TASK INSTRUCTIONS:
In the material below, find the line with "Tom Ford Rosco" and the line with "Xhilaration Black and", then output those two lines and every line between them, exactly.

EXCERPTED RECORDS:
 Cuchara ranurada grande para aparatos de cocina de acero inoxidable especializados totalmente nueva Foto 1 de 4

--

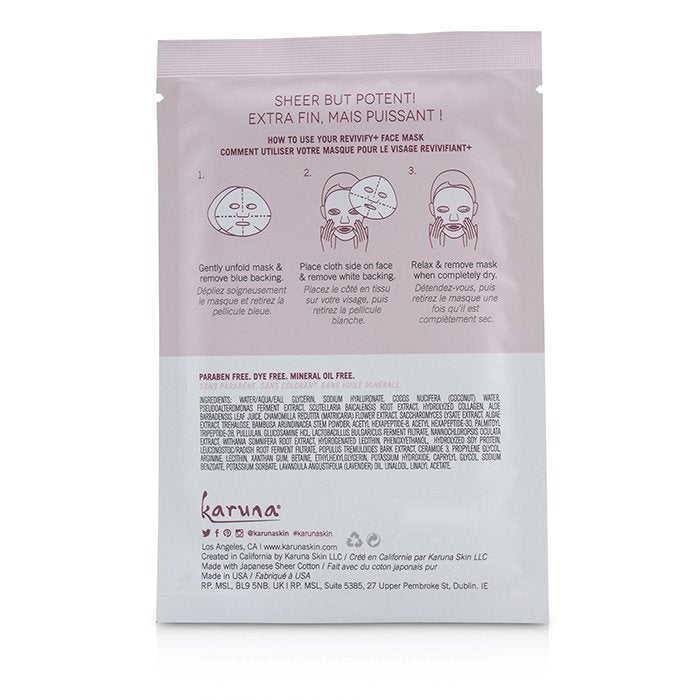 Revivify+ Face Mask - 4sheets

---

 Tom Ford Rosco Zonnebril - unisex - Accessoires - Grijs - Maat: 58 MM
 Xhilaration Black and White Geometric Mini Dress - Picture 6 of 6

RESPONSE FOR THIS EXERCISE:
 Tom Ford Rosco Zonnebril - unisex - Accessoires - Grijs - Maat: 58 MM
 Xhilaration Black and White Geometric Mini Dress - Picture 6 of 6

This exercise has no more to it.